**TASK BRIEF:** Reduce the material below to its lines containing "Fashion".

**INPUT MATERIAL:**
┌──

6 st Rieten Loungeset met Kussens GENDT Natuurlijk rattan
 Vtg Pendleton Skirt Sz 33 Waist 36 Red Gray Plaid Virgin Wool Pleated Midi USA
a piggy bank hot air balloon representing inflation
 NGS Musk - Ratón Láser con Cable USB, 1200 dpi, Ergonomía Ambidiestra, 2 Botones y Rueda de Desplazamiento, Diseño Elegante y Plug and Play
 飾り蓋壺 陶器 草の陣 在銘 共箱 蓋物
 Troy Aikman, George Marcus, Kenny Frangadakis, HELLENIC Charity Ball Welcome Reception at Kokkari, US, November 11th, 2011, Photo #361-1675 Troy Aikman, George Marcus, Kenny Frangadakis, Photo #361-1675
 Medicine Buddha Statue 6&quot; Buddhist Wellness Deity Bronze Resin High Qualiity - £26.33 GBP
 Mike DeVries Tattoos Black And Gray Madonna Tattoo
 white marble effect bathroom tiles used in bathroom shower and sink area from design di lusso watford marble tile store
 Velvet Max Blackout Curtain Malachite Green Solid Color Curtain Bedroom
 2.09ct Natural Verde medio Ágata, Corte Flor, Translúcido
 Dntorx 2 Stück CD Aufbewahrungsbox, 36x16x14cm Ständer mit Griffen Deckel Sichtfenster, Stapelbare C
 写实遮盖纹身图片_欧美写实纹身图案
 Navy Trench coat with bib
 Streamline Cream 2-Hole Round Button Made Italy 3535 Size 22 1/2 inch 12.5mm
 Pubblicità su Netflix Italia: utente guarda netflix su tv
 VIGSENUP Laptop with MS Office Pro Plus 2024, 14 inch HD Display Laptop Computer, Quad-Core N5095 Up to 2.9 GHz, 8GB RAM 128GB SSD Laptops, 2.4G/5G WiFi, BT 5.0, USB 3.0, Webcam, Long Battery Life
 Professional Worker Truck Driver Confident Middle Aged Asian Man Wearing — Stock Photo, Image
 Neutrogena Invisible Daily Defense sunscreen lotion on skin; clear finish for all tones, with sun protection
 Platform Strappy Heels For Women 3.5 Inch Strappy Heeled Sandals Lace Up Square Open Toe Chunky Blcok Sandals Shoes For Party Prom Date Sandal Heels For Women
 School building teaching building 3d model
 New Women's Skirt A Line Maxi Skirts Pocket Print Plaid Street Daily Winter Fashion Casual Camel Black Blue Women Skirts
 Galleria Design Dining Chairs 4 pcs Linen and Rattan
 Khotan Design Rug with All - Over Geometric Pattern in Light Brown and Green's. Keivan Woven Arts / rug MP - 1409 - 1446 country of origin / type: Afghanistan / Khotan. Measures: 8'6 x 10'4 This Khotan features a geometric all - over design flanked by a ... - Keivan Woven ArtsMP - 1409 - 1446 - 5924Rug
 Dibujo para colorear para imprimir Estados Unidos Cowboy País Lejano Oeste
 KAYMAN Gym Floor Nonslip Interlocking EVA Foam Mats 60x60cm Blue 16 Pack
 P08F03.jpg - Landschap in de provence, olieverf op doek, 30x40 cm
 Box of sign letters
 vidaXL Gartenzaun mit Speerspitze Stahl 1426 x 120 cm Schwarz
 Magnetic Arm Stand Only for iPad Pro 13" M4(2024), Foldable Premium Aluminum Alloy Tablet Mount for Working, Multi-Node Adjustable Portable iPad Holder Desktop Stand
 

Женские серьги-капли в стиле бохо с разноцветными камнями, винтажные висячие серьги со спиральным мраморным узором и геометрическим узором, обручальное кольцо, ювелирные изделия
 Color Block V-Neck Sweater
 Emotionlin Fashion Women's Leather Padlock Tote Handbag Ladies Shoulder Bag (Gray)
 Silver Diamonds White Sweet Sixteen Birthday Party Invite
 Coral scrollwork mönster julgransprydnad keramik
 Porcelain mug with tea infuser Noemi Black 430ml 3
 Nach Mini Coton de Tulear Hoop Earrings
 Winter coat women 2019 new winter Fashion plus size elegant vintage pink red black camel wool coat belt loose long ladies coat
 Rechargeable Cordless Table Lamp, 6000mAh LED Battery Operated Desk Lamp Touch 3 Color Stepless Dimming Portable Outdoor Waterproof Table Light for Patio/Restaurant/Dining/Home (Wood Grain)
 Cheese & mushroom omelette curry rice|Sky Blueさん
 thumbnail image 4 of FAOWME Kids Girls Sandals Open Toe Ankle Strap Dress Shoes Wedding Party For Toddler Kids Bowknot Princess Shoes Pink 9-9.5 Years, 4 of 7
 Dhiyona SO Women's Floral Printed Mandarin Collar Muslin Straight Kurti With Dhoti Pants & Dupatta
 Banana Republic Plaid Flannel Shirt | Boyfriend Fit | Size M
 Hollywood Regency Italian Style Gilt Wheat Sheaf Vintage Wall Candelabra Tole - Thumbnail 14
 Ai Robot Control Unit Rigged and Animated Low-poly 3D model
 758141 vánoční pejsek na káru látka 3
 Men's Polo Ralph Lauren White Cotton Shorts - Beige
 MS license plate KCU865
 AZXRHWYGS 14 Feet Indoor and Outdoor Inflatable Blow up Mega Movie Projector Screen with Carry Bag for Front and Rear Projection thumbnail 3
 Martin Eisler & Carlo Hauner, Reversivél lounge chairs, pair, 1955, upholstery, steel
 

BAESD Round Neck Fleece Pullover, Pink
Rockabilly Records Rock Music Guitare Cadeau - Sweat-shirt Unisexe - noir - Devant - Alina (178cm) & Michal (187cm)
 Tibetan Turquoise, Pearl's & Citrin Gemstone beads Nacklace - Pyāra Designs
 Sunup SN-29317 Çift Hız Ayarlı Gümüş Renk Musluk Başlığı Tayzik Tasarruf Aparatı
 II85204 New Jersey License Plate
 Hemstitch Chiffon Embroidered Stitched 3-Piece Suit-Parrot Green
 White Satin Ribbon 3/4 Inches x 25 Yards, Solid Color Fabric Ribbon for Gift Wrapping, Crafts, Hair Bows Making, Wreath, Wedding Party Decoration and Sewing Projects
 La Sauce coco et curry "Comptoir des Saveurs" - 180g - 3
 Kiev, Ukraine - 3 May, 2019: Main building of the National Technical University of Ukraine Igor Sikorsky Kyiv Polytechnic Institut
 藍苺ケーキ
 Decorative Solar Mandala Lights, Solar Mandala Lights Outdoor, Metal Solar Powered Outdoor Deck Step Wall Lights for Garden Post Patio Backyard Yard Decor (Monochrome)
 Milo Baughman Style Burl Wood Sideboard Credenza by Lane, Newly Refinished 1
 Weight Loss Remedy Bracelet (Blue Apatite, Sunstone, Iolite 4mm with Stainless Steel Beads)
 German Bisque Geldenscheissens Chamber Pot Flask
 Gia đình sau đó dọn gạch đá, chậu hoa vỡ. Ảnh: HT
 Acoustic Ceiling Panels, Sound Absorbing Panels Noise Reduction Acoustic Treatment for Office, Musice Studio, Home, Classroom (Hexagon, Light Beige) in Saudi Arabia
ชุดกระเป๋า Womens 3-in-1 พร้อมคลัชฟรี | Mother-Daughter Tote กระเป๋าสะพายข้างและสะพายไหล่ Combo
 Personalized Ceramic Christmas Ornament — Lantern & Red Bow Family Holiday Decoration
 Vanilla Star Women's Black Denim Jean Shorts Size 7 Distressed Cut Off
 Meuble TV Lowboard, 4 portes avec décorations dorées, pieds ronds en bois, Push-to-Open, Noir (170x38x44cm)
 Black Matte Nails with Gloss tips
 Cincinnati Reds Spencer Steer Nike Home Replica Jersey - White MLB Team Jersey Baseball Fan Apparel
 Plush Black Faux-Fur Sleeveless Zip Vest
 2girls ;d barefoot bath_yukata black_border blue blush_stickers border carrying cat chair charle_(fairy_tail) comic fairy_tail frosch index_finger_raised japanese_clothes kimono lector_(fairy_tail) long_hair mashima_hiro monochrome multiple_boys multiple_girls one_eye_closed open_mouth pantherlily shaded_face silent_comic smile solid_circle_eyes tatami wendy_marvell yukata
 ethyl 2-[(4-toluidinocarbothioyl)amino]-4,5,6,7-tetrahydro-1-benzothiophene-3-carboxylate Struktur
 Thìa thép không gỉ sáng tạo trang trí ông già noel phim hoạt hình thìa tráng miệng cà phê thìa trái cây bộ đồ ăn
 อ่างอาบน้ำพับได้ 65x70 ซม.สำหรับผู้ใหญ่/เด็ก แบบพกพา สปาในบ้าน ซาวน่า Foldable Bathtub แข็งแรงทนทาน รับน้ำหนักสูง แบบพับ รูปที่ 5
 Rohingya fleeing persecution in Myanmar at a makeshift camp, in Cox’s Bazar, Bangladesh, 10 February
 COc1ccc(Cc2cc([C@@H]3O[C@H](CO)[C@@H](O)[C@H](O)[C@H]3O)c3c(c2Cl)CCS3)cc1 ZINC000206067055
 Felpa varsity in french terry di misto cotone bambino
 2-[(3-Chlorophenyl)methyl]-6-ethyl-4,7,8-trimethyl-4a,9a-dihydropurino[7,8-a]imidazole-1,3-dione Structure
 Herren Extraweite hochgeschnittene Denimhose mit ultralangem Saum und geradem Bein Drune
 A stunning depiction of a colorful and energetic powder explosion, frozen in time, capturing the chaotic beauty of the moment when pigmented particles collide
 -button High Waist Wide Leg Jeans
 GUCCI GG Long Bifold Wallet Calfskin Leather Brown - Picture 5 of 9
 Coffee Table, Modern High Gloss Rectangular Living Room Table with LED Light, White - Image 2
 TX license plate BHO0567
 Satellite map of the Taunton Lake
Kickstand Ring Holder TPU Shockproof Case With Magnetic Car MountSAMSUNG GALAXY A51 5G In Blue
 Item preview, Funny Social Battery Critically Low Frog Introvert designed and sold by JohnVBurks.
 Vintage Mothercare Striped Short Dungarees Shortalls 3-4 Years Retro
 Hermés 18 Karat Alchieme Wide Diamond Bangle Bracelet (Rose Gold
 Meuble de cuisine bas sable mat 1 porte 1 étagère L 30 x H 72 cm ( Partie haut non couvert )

└──

**SOLVED EXERCISE:**
 New Women's Skirt A Line Maxi Skirts Pocket Print Plaid Street Daily Winter Fashion Casual Camel Black Blue Women Skirts
 Emotionlin Fashion Women's Leather Padlock Tote Handbag Ladies Shoulder Bag (Gray)
 Winter coat women 2019 new winter Fashion plus size elegant vintage pink red black camel wool coat belt loose long ladies coat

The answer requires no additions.